Soundtrack da ascoltare durante la lettura: “Fly me to the moon” Frank Sinatra
Era il 20 luglio del 1969 quando Neil Armstrong, dopo aver brillantemente gestito con l’aiuto di tutto lo staff un imprevisto ed aver allunato con il modulo Eagle nel Mare della tranquillità in un punto diverso da quello pianificato per la missione, scendendo gli scalini del LEM pronunciò la storica frase “That’s one small step for a man, one giant leap for mankind” (Questo è un piccolo passo per un uomo, un gigantesco balzo per l’umanità). Lo seguì subito dopo il compagno Buzz Aldrin, ma quanti di voi ricordano il nome del terzo uomo di quella missione? Sì, esatto, tutte le missioni Apollo erano composte da un equipaggio di tre persone e, per la missione Apollo 11, il terzo uomo era Michael Collins, nato in via Tevere a Roma. Collins è sempre passato in secondo piano, ma a detta di molti fu quello ad avere più coraggio: mentre gli altri due uomini sul suolo lunare potevano contare l’uno sull’altro e sono stati sempre in contatto con la base di Houston, lui rimase solo sul modulo di comando Columbia, ad orbitare intorno alla luna, rimanendo isolato per diverso tempo durante il tratto di orbita dietro la faccia nascosta del nostro satellite naturale a contemplare il cosmo.

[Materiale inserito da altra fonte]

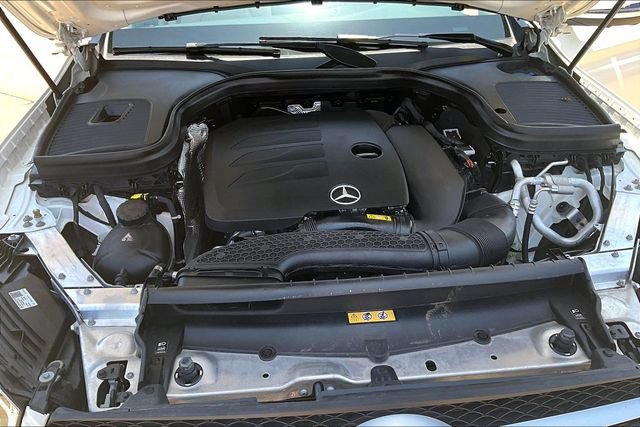 Used 2022 Mercedes-Benz GLC 300 4MATIC image 9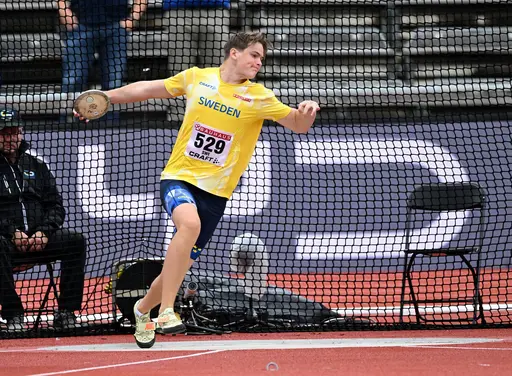 T v: Beate Pott. Mitten: Ludvig Ellgren T h: Jakob Lennermark. Foto: Deca
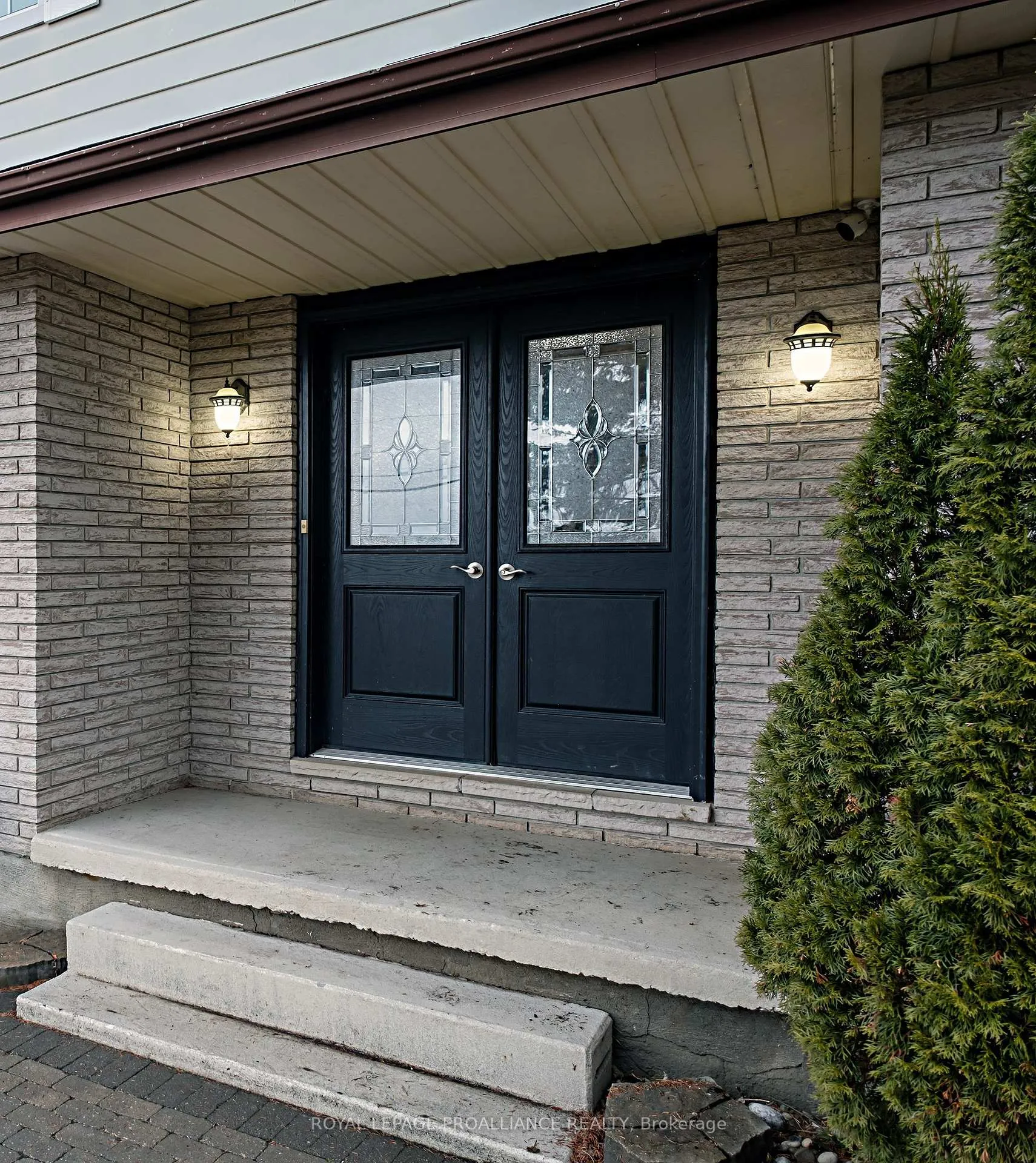 Photo 3 of 104 Bethany Road, Belleville, Thurlow Ward — HOMEH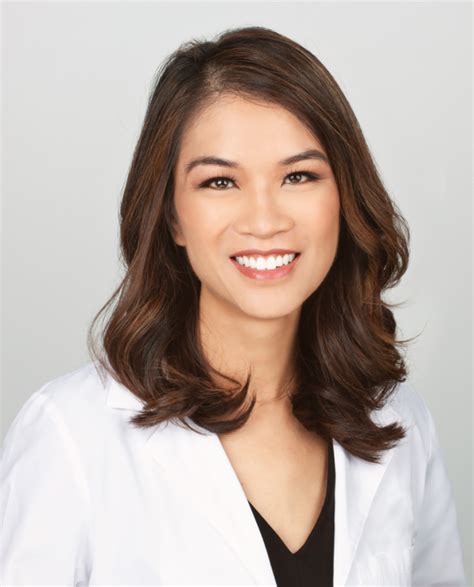 Lee Headshot Next Steps In Dermatology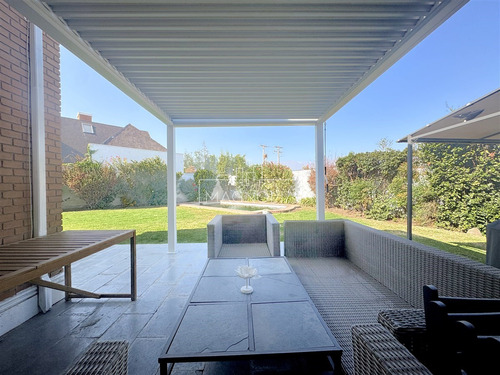 Casa En Arriendo De 6 Dorm. En Lo Barnechea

La ricerca scientifica non è stato il vero motivo che ha spinto l’uomo ad andare sulla luna: la ragione che ha alimentato la corsa è stata la voglia degli USA di vincere sull’allora URSS la guerra fredda. Infatti il programma Apollo fu interrotto dopo la missione Apollo 17 del 1972 dopo solo sei anni di missioni su suolo lunare; la versione ufficiale addusse motivi economici, ma si ritiene che una volta dimostrata la supremazia tecnologica spaziale gli States abbiano deciso di destinare i fondi ad altre cose. Chissà a quale punto della nostra evoluzione saremmo ora se, invece di combattere guerre, avessimo unito gli sforzi così come abbiamo iniziato a fare con la stazione spaziale orbitante ISS.